■ What is being asked:
Each line of the material must be reproduced exactly; pictures stay out.

■ Collected material:
┌──
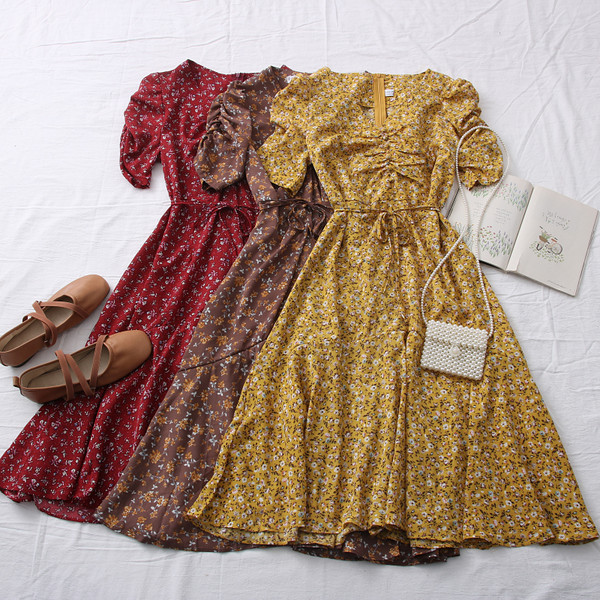 Lezser női szabású ruha puffos ujjakkal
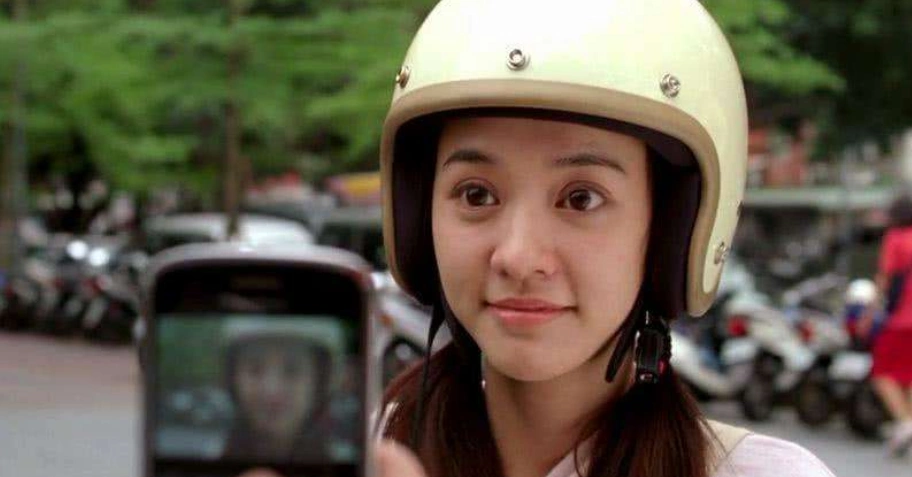 陈意涵并不是没有过经典角色,比如《奋斗》的方灵珊,《痞子英雄》的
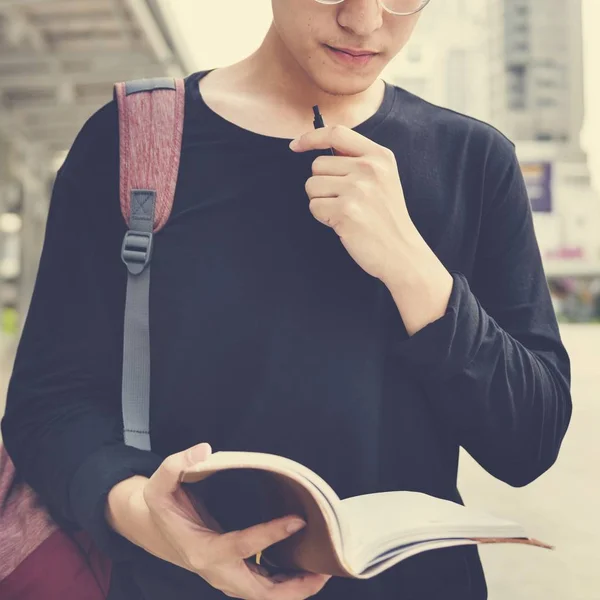 Asiático macho estudiante caminar en calle —  Fotos de Stock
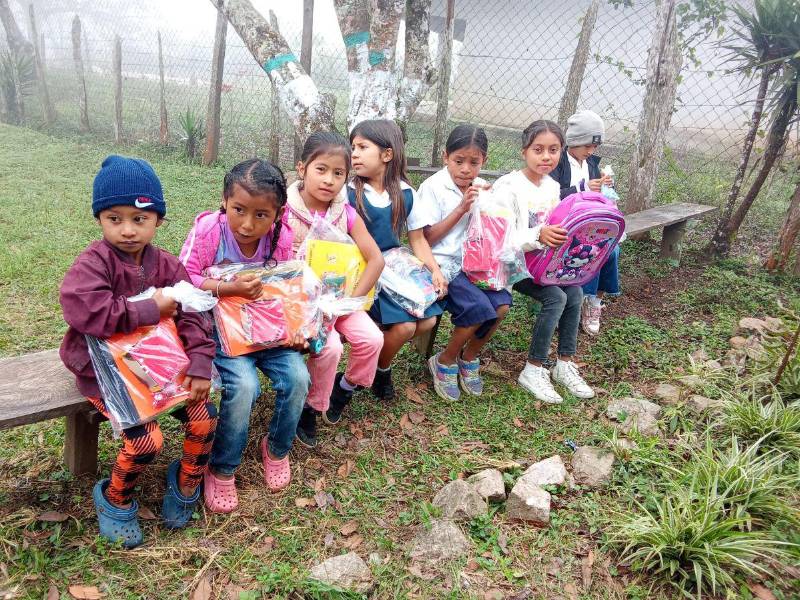 Cada uno cargaba su cuaderno con cariño, donde cada hoja en blanco se llenará de vocales y tareas de aprendizaje para los niños.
└──
■ Exercise solution:
 Lezser női szabású ruha puffos ujjakkal
 陈意涵并不是没有过经典角色,比如《奋斗》的方灵珊,《痞子英雄》的
 Asiático macho estudiante caminar en calle —  Fotos de Stock
 Cada uno cargaba su cuaderno con cariño, donde cada hoja en blanco se llenará de vocales y tareas de aprendizaje para los niños.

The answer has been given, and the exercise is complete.